Friday, May 22, 2015

#SRC2015 - The Grown Ups by Robin Antalek

Genre: Contemporary Fiction
Published: January 27, 2015
Pages: 304
Ages: 14+


From the author of The Summer We Fell Apart, an evocative and emotionally resonant coming-of-age novel involving three friends that explores what it means to be happy, what it means to grow up, and how difficult it is to do both together

The summer he’s fifteen, Sam enjoys, for a few secret months, the unexpected attention of Suzie Epstein. For reasons Sam doesn’t entirely understand, he and Suzie keep their budding relationship hidden from their close knit group of friends. But as the summer ends, Sam’s world unexpectedly shatters twice: Suzie’s parents are moving to a new city to save their marriage, and his own mother has suddenly left the house, leaving Sam’s father alone to raise two sons.

Watching as her parents’ marital troubles escalate, Suzie takes on the responsibility of raising her two younger brothers and plans an early escape to college and independence. Though she thinks of Sam, she deeply misses her closest friend Bella, but makes no attempt to reconnect, embarrassed by the destructive wake of her parents as they left the only place Suzie called home. Years later, a chance meeting with Sam’s older brother will reunite her with both Sam and Bella - and force her to confront her past and her friends.
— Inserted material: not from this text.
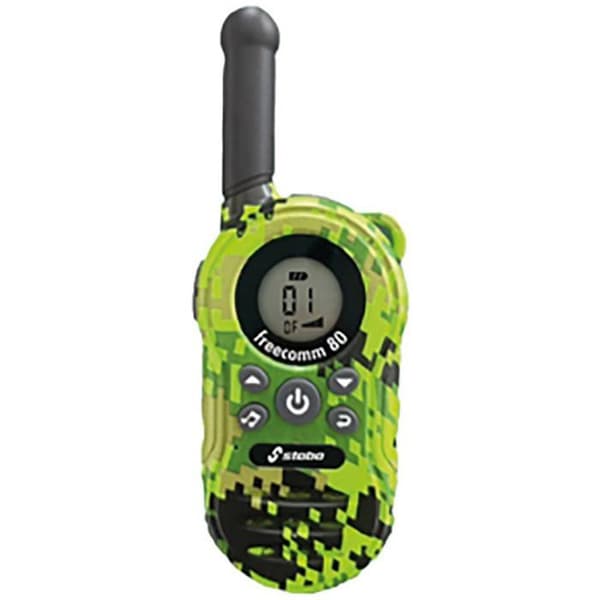 Stabo freecomm 80 20080 Talkie-walkie PMR set om 2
After losing Suzie, Bella finds her first real love in Sam. But Sam’s inability to commit to her or even his own future eventually drives them apart. In contrast, Bella’s old friend Suzie—and Sam’s older brother, Michael—seem to have worked it all out, leaving Bella to wonder where she went wrong.

Spanning over a decade, told in alternating voices, The Grown Ups explores the indelible bonds between friends and family and the challenges that threaten to divide them.
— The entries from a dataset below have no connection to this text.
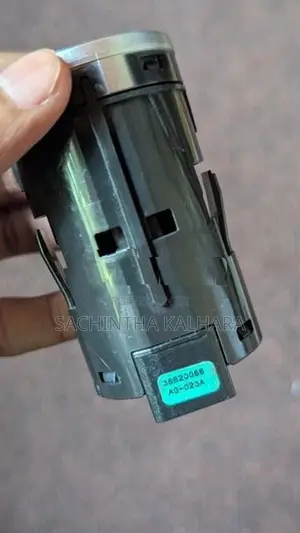 Vezel Push Start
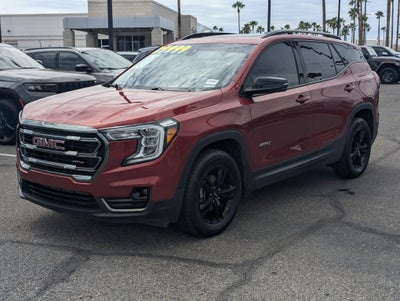 2024 GMC Terrain AWD AT4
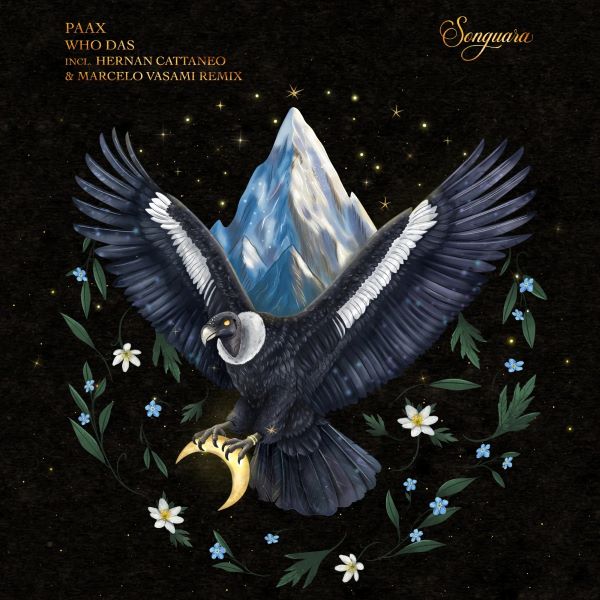 PAAX - Who Das (Original Mix)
This book is about a group of "poor little rich kids" as they grow up and learn to adult. They come of age in the midst of infidelity, divorce, and alcoholism among their parents, which I think is basically the American dream right now. 
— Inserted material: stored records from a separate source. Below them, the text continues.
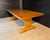 Vintage French Farmhouse Dining Table in Oak, 1925 For Sale - Image 6 of 18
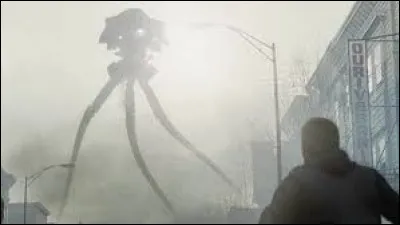 Et quelle est la différence entre les machines du film et celles du livre ?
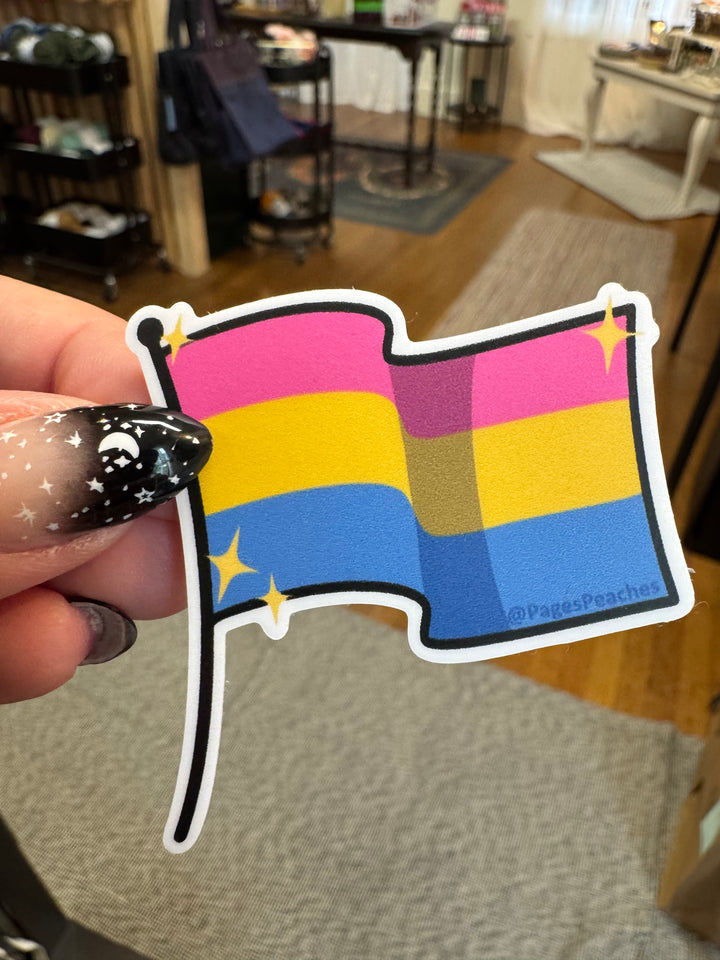 Pride Stickers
I was really expecting to be more interested in this book than I ended up being. According to Goodreads, the average reading time for this book is six hours and forty-one minutes. I felt like I was reading it for two days straight, with no breaks (there were breaks, but it still felt like I didn't take any.) At no point was I anxious to continue reading to find out what happened next and I even willingly put my kindle down to clean house and I use pretty much every excuse under the sun to put off housework for as long as humanly possible. 

I found most of the characters to be forgettable, I can't keep Frankie and Peter straight and I can't even remember most of the girls names and I just finished reading the book. There were no real seemingly insurmountable conflicts for the characters to overcome, and the biggest worry they faced was having to ask daddy for money to pay rent while living in the city. There were two sad moments in their adult-ish lives, but discussing those would involve spoilers, so I won't. Because of these things, I never felt anxious for the characters or really connected to them at all. I just really felt like there was no driving force for the story. 

There were also a few other details in the story that ended up bugging me, one in particular that really got to me and led to me ranting to my husband about how absurd the situation was, but discussing it here would just lead to a rant so I'll just say that it was completely unrealistic in a story filled with realism. 

Overall I give this book 2 out of 5 stars because it was structurally sound, but otherwise it just didn't do it for me. - Katie 

Buy the Book

About the Author

After making a career out of changing careers, from PR to tending bar, and from waitressing to managing a modern dance company, Robin Antalek eventually gave in to the voices in her head and began writing fiction. She studied at The New York State Writer's Institute at the State University of New York at Albany, and has published in many literary journals: Sun Dog: The Southeast Review, Literary Mama, among others, and has twice been a finalist in Glimmer Train's Family Matters contests as well as a finalist for The Tobias Wolf Award for Short Fiction. You can also find her nonfiction essays monthly on the web at The Nervous Breakdown.
The Summer We Fell Apart is her first novel. She lives in a very needy Victorian house in Saratoga Springs, New York, with her husband, two daughters, and three dogs.